Caitlyn Losee is a Chapel Hill native finishing her fourth year of the new five year BS-MS program in Computer Science. She completed a minor in Math. Last summer she was an Extreme Blue intern at IBM’s Almaden Research Center in San Jose. This summer she will be interning with IBM in Research Triangle Park.

Modeling Essential Tremors (ET)

Krishna Kollu, supervised by Greg Welch

In this talk we describe the motivation for, and current status of, the development of mathematical models for neurons engaged in the cyclical behavior that causes a neurological disorder called essential tremors. The results of this modeling will be used for teaching medical students about the neurological behavior, and to develop simulations that can eventually be used to develop automated closed-loop system for controlling deep brain stimulation units.

Krishna Kollu is a junior, majoring in computer science. For the past year he has been working with Prof. Greg Welch (Computer Science), Dr.
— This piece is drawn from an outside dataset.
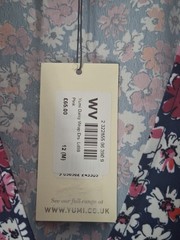 Yumi Daisy Wrap Maxi Dress UK Size 12 Navy Pink Red Floral Half Sleeve New Tags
Richard Murrow (UNC Neurology), and more recently Prof. Oleg Favorov (Biomedical Engineering).

Browser Based Sonic Zoom: Using Javascript, HTML5, and Spatial Sound as Enabling Technology

Cameron Swaim, supervised by Gary Bishop

In public schools, children spend time in the computer lab reading interactive storybooks, playing games, and using educational programs. For children who are blind or visually impaired, this leaves them with very few options, possibly nothing. Sonic Zoom was written in Spring 2004 by a group of students working on a semester project to help alleviate this problem, and has become a major hit in the blind and visually impaired community. Sonic Zoom was developed as a Microsoft Windows and DirectX application. With the advancements in technology since that time in HTML5 and Javascript, remaking the classic and well loved game for the browser would allow easier distribution and widespread access. HTML5, the Dojo Javascript Framework, and sound editing applications were used to remake Sonic Zoom for the browser. The game works very similarly to the original Sonic Zoom, using all of the same sounds and controls, but is now available to anyone with an HTML5 and Javascript enabled browser.

Cameron Swaim is a senior Computer Science major from Sherrills Ford, N.C. His research under Professor Gary Bishop focuses on enabling technology and emerging web technologies. Currently he is working for Adzerk, a startup in Durham at the American Tobacco Campus that specializes in ad server technology.
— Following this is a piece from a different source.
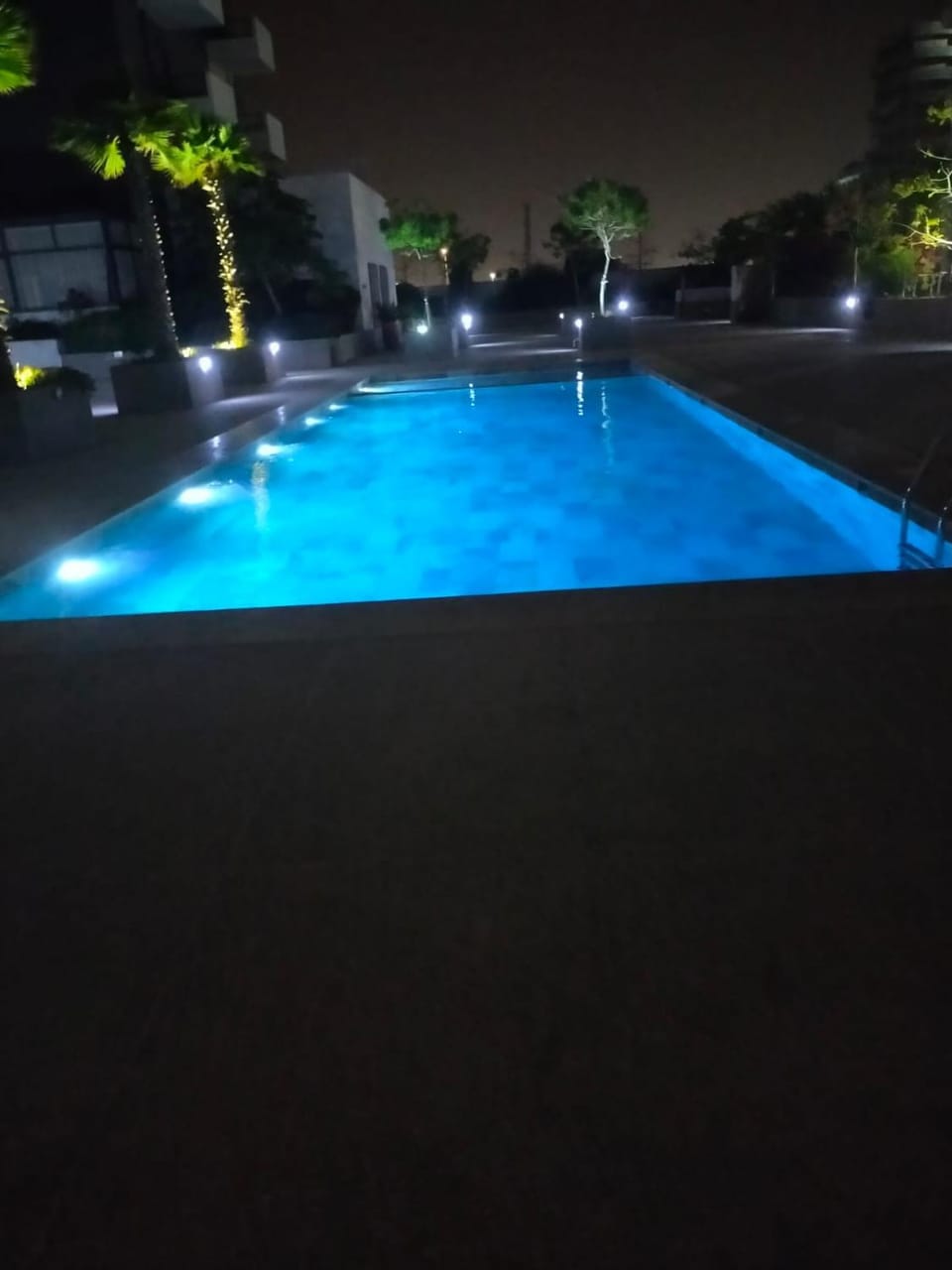 Night, Pool view, Swimming pool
Effect of Transient Cross Traffic on the RAPID Congestion Control Protocol

Rebecca Lovewell, supervised by Jasleen Kaur

The RAPID packet-scale congestion control protocol is a new paradigm that allows end-to-end transport protocols to scale to ultra-high speed networks. While most existing protocols can attain a single-stream throughput of no more than a few Gigabits-per-second, this paradigm promises to scale up to Terabit-and-higher speeds.  It does so by analyzing how finely-controlled inter-packet gaps change in the network. However, RAPID faces several open challenges, including sensitivity to noise in the end-to-end delays experienced by packets. In particular, RAPID is especially responsive to transient cross traffic at bottleneck links within a network. In this project, we conduct an experimental analysis to quantify the extent to which such transient cross traffic can impact the RAPID throughput. Preliminary results help form guidelines on how to configure the protocol parameters.

Rebecca Lovewell is a senior computer science student from Winston-Salem, N.C.  She has worked with Dr. Jasleen Kaur since January 2011.